RNA samples were obtained from 163 confirmed FIP cases between 2021 and November 2023, representing a mixture of geographical origin, sex and clinical presentation (Supplementary Tables 712). There are inherent problems with obtaining sufficient read-depth with shotgun sequencing on FIPV RNA samples. The estimates of FCoV sequences versus background (feline) RNA from initial Nanopore-based cDNA sequencing made us opt for a cDNA/PCR-amplification-based Nanopore sequencing to better understand the Cypriot outbreak and to determine whether cat-to-cat transmission is occurring. An initial crude approach based on alignments of publicly available FCoV-1 and FCoV-2 sequences yielded a mixed consensus sequence for the Cypriot outbreak strain, FCoV-23. The consensus was used to design a new primer scheme for targeted amplification of FCoV-23 for Oxford Nanopore-based sequencing. This yielded a total of 20 full-length genomes, 45 partial sequences spanning a section of orf1b (~1,000 bp), 63 spanning the first part of S (~2,250 bp) and 42 spanning across orf3c/E(ORF4)/M(ORF5) (~1,000 bp) (sections indicated in grey in Fig. 2). These include samples from two cats presenting with FIP following recent import from Cyprus to the UK. Other samples were degraded or contained too few viral copies. None of the seven samples from before 2023 amplified (Supplementary Tables 1318).

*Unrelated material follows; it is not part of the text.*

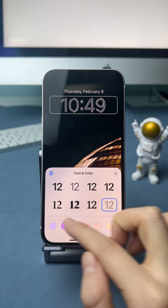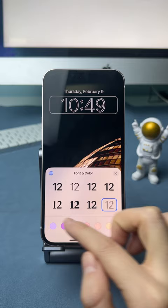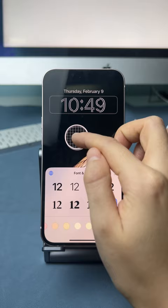Tap on the time and select the color. Slide to the right to customize the color. Tap on the extract color tool to pick the background color.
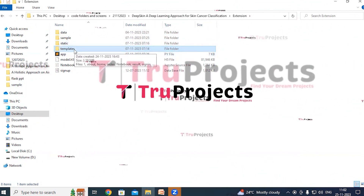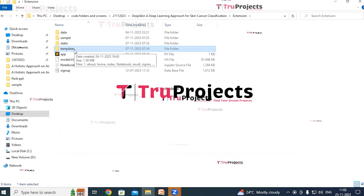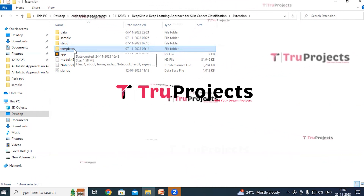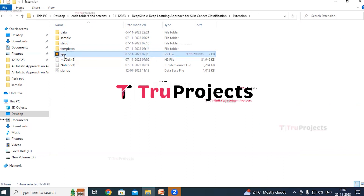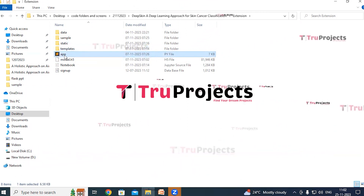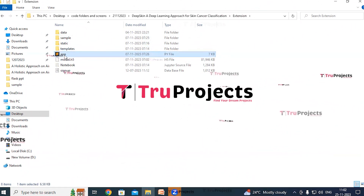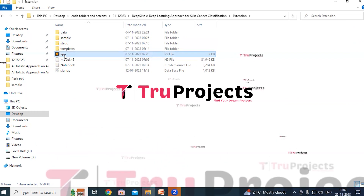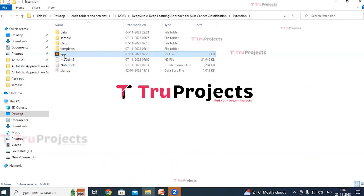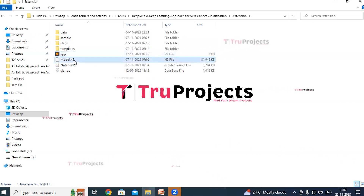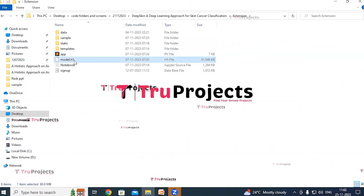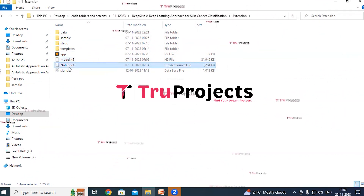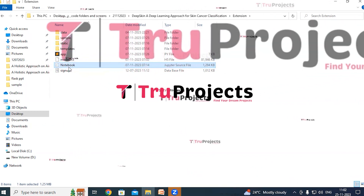The templates folder contains all the HTML pages used in the project, including files like index.html and about.html representing different pages of the website. The app.py file contains front-end logic, with Python code handling server-side operations such as processing user requests, interacting with the database, and generating dynamic content for HTML pages. The model file contains algorithm information loaded into the project during runtime.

The partial S region sequence of the Cypriot and UK-import FCoV samples produced two distinct versions of the S sequence. BLAST was used to identify close relatives of these S sequences. One Cypriot and one UK-import sample are most closely related to an FCoV-1 (MT444152) with 79% similarity. However, the vast majority shows an S sequence identified as CCoV-2, flanked by a FCoV-1 sequence. The CCoV-2 sequence is most closely related to the NA/09 strain (JF682842), a hypervirulent pantropic canine coronavirus (pCCoV)35, at 96.5% sequence identity. Maximum-likelihood analysis found close relationships also to other pCCoV S sequences with only partial sequences available (Fig. 2 and Extended Data Fig. 1). This is probably a defining feature of the virus circulating in the outbreak in Cyprus. By contrast, maximum-likelihood trees of regions of orf1b and orf3c/E/M (Fig. 2) show clustering of all sequences with FCoV-1.

Fig. 2: Genomic sequence analysis of Cypriot and UK-import FCoV cases.
figure 2

Sequences from three different genomic regions (orf1b, S and orf3c/E/M), as indicated by the grey regions marked on the overview of the genome, were obtained through Nanopore sequencing of 45, 63 and 42 Cypriot and UK-import samples, respectively. After initial BLAST analysis, maximum-likelihood trees were generated including other FCoV and CCoV strains to assess the genetic similarity of each region. CCoV-2 genomes are highlighted in blue with pCCoV-2 genomes within this region displayed in a darker blue. FCoV-1 genomes are highlighted in pink and FCoV-2 genomes are shown in purple. Samples from Cyprus (green) and one UK-imported Cypriot cat (dark green) can be seen clustered with FCoV-1 sequences in the orf1b and orf3c/E/M regions. However, the S gene clusters with CCoV-2, most closely with pCCoV-2. Different numbers of sequences are present in each tree due to missing sequence or poor sequence quality and/or alignments in genomes downloaded from NCBI, and due to not all regions being sequenced in all individuals from our samples. Silhouettes representing cats, dogs and foxes were created using BioRender.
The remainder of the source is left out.